Nothing fancy, just 4 simple regexes. My testbed is a Mid-2012 MacBook Pro with 2.5 GHz i5 processor and 4 gigs of RAM. Now, I had two options. First, run the script with 100 HTML files sequentially and monitor the running time. Or, I could create 100 goroutines and give each of them a single HTML file and let them handle its own parsing using Go’s built in concurrency feature. I decided to do both. Also, I made a Python script which does a similar thing, to compare its performance against the Go script. Each experiment was performed 3-4 times and the best running time was taken into account. Following is the result I received:

Number of HTML Files Go Concurrent (in sec) Go Sequential (in sec) Python (in sec)
100 0.39 0.40 0.95
200 0.83 0.80 1.93
500 2.22 2.18 4.78
1000 4.68 10.46 14.58
2000 10.62 20.87 30.51
5000 21.47 43 71.55
10000 42 79 157.78
20000 84 174 313

It is obvious that using Go beats Python in all the experiments and more than 2x speed in every cases. What is interesting, using concurrency results in much faster performance than processing the HTML files sequentially. Possibly, deploying 500-1000 goroutines together actually speeds up the execution process as each goroutine can work without coming in each other’s way. However, I was able to deploy maximum 5000 goroutines at once. My machine could not handle more than that. I believe using powerful a CPU will let you process the files faster than what I have done. This begs for more experiments and benchmarking, something that I absolutely love to do! The following is a graphical view of the same experiment:

5l0gsFQ

If the differences are not visible properly, perhaps this one will be helpful:

8pWGNbs

I was able to get Murthy intrigued into this. He started playing with the Python code and kept optimizing it. He felt that compiling regexes every time the loop is executed adds overheads and takes unnecessary time. Globally compiled and initialized regexes will be a better option. He tried out two experiments, one with plain CPython and the other with PyPy which has JIT compiler for Python. Following is the result he observed. He tested this on a CentOS server with Python 2.6 running, 8 cores and 16 gigs of RAM.
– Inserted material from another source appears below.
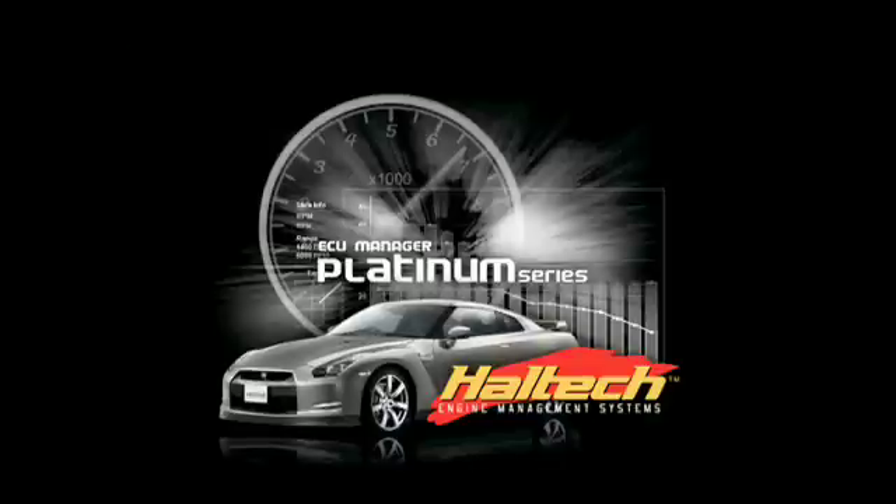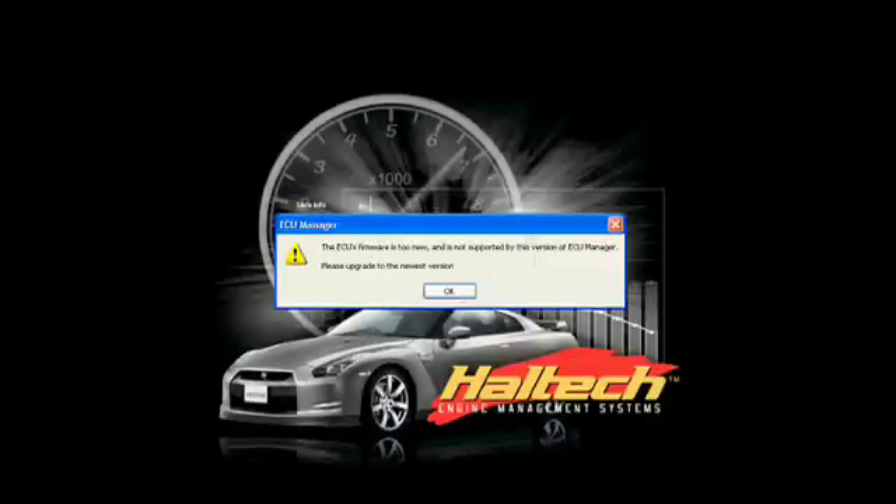As you can see here, this particular vehicle is driven in and I've been given a message as I go online that says the ECU's firmware is too new and it is not supported by this version of ECU Manager. Please upgrade to the newest firmware.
Test Case (on 1000 HTML files) Execution Time (in secs)
CPython (without function calls, regexes compiled globally) 16.091
CPython (with function calls, regexes compiled globally) 20.483
CPython (with function calls, globally compiled regexes passed as function parameters) 16.898
CPython (with function calls, regexes compiled locally inside function) 17.582
PyPy (with function calls, globally compiled regexes passed as function parameters) 4.510
PyPy (without function calls) 3.567
CPython + re2 (with function calls, globally compiled regexes passed as function parameters) 1.020
CPython + re2 (without function calls) 0.946

Not bad at all! PyPy does it under 4 seconds. Although the CPython result is same as mine. Go provides a runtime parameter GOMAXPROCS which can be passed as a parameter while running the go code. The variable sets and limits the number of OS threads that can execute user-level Go code simultaneously. I believe that by default the limit is set as 1. But to parallelize the process using multiple threads I set it as 4. This is the result I got. 

Number of HTML Files Go Concurrent Single Thread Go Concurrent 4 Threads
100 0.397 0.196
200 0.827 0.396
500 2.22 0.988
1000 4.68 1.98
2000 8.27 4.03

So, 1000 HTML files under 2 seconds and 2000 files in around 4 seconds. As you can observe from the results, using multiple threads gives you 2x more gain than the previous result, more than 4x gain over sequential processing result and more than 7x gain from CPython result. However, I was not able to run 5000 goroutines concurrently as my OS did not permit. Still, if you can run your job in batches, the advantages will be good enough. Google if you are reading this, can you invite me over to your Mountain View office so that I can run this on your 16000 core machine?